LAST TUESDAY, Hugh Shearer celebrated his 81st birthday at home.
From the crack of dawn until late evening, his telephone rang as his sons, Howard and Lance, and friends called from all over the island. Some sent fruit baskets and flowers. Bill Clarke of the Bank of Nova Scotia and long-time friend Arnold Foote, called from abroad to wish him a happy anniversary. So, too, did Leslie Watts and Hopeton Caven.

His trade union colleagues, Ruddy Spencer, Dwight Nelson, George Fyffe, Pearnel Charles and Lloyd Goodleigh visited to toast him. Present, too, was Opposition Leader Edward Seaga. Prime Minister P.J. Patterson called to say he would visit him on Friday, and Parliament paid him a birthday tribute. And the steady trek of friends, including former Editor of this newspaper, Wyvolyn Gager, to his Hope Pastures home, prevented him from enjoying his daily evening walk.

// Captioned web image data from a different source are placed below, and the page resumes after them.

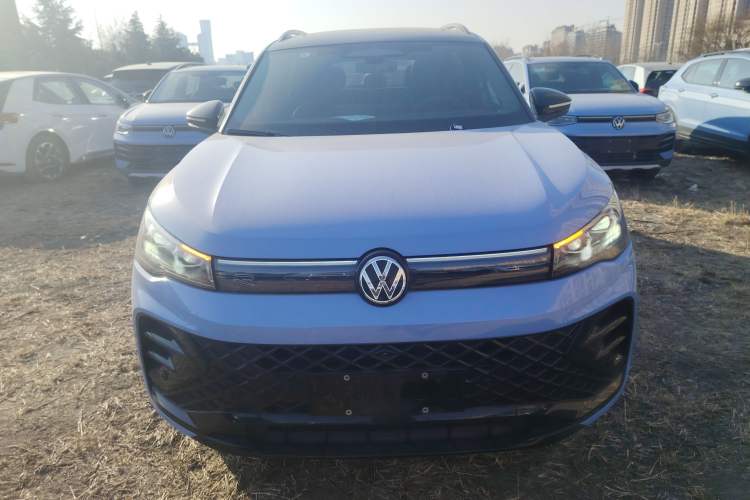 Used Volkswagen Tiguan L 2024 PRO 380TSI Four-Wheel Drive R-Line Prestige Edition Exterior 1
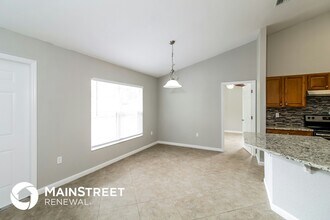 2556 Traverse Ave in North Port, FL - Building Photo - Building Photo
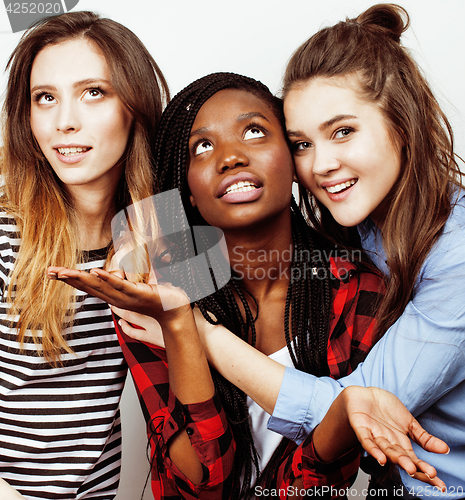 Image of diverse multi nation girls group, teenage friends company cheerful having fun, happy smiling, cute posing isolated on white background, lifestyle people concept, african-american and caucasian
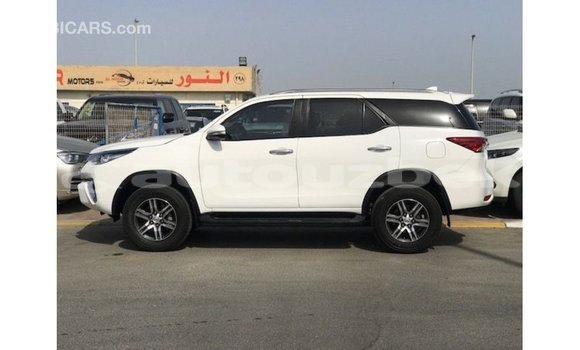 Buy Import Toyota Fortuner White Car in Import - Dubai in Andijon Buy Import Toyota Fortuner White Car in Import - Dubai in Andijon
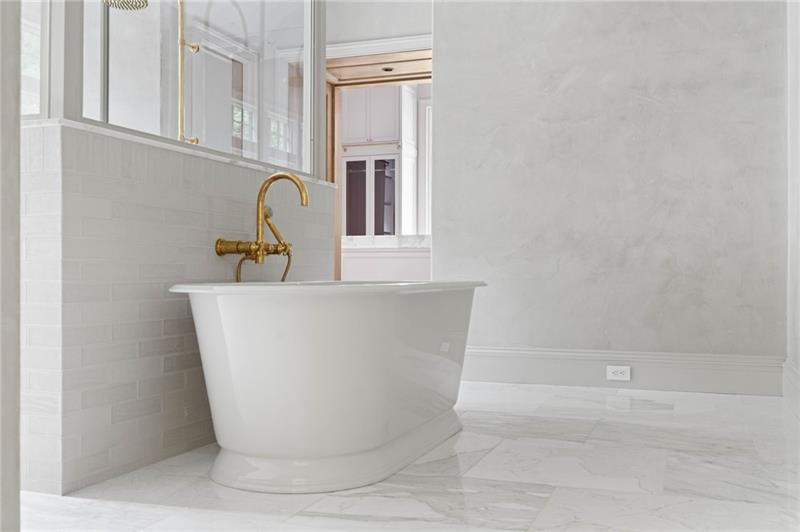 Tuxedo Park - Residential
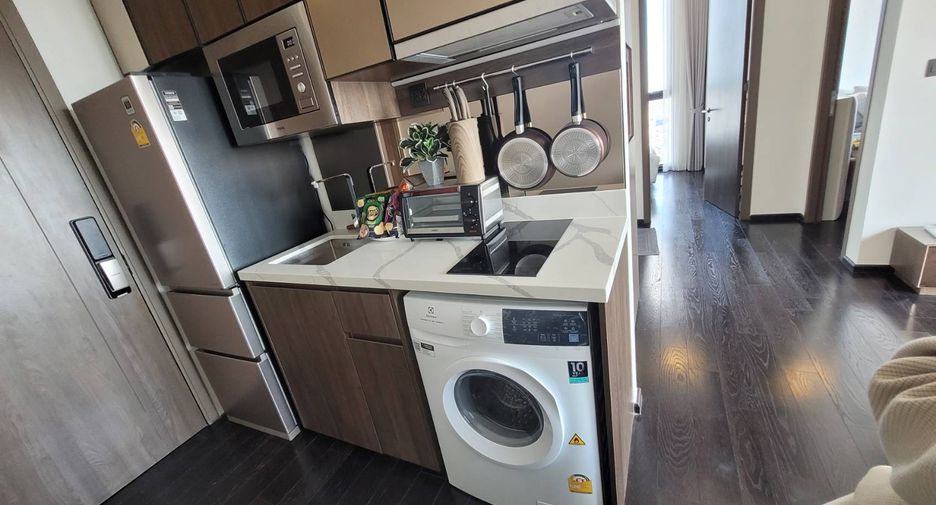 For rent 2 bedrooms condo in Watthana, Bangkok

Hugh Shearer has retired from active public life. In recent months he has discovered the time to watch the world on his television screen. This was the world in which he once played a role of leadership on issues ranging from apartheid to better terms of trade from small countries such as Jamaica. The men and women with whom he once debated these issues are no longer on the scene. Today, the faces are new, facing new problems with which he did not have to deal in his time.

He has held more posts in the trade union movement and in the local and central Government system than any other person in Jamaica. He has been assistant to the general secretary, assistant general secretary, island supervisor, vice president and president of the Bustamante Industrial Trade Union. And more recently, he was the president of the Jamaica Confederation of Trade Unions.

LEGISLATIVE COUNCIL

He has been a councillor in the Kingston and St. Andrew Corporation, member of the legislative council and member of the Senate of Jamaica. He then became a minister without portfolio, serving as the de facto spokesman for Jamaica in foreign affairs, Member of Parliament and de jure Minister of External Affairs, Prime Minister and Leader of the Opposition in Government.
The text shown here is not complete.